Now when I search for 76ers, instead of getting 1.61 million hits, I’ll get 1.62 million. Phooey.

Our instinctive reaction is to be impressed. I’m thinking of all those Ph.D. theses gathering dust in the Physics-Optics-Astronomy Library at my alma mater, 150-page books without indexes. I’m thinking about Red Sox fans who, for the first time in a very long time, are interested in the World Series.

But I’m also thinking about the catalog search system at my public library, which won’t improve with Google’s additions. For a book already in the catalog, adding its content doesn’t help at all. Instead, we’d be cluttering up the database with a few trillion new words.

So our instincts are wrong.

Why Quantity Hurts

Every few years, search engine companies are finding new ways to promote themselves by bragging about how much they can find. In the early 1990s, Northern Light was independently rated top among competitors because they searched the largest percentage of the World Wide Web: sixteen percent. Time and Newsweek contributors warned, “We’re not finding everything.”

In the late 1990s, articles about the “invisible web” appeared in popular magazines and newspapers, explaining how search engines cataloged only text, image, and sound files, thus skipping over the good content stored as spreadsheets, databases, and fonts. Again came the cry, “We’re not finding everything!”
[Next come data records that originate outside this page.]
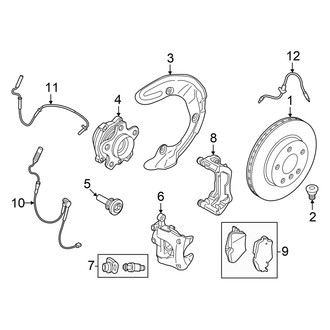 Mini OE - Front Suspension - Brake Components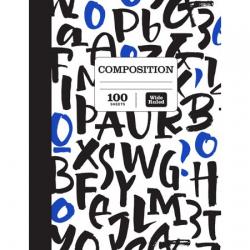 Pen+gear 100 sheets Fashion Composition Book Wide Ruled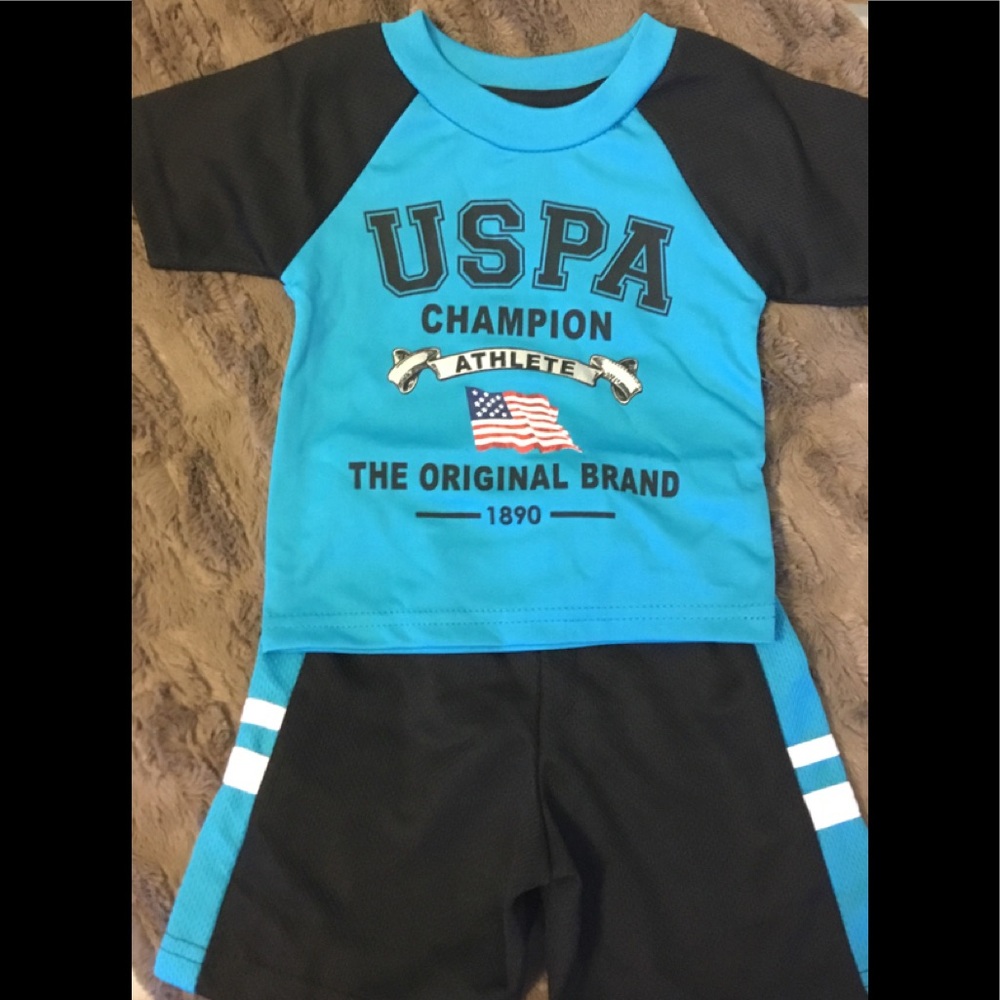 🦌 🚦3-$25🚦 NWT Infant US Polo Top & Shorts 12m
And now, in just two months, Google and Yahoo have added more to the huge pile of information: library books and closed captioning data. No longer are our searches limited to the billions of files already on the Web. Yay!

It’s all about quantity. Nobody seems to care about quality any more.

Libraries have been struggling to redefine themselves ever since the Internet (and more, the World Wide Web) reached people’s homes. Book publishers also have suffered. The failure isn’t that of these institutions and industries, however, but of the public. The public seems unaware of the natural filtering process inherent in human behavior. Publishers choose which titles to publish, and libraries choose which titles to add to their catalogs. You might not agree with their reasoning or results, but you do have to admit that there are human beings at the helm.

(By the way, Google's library program was put on hold because of criticism. This isn't because it's a bad idea or anything, but rather because the traditional publishing industries got scared they'd lose money. It's an I-was-here-first money-by-copyright battle.)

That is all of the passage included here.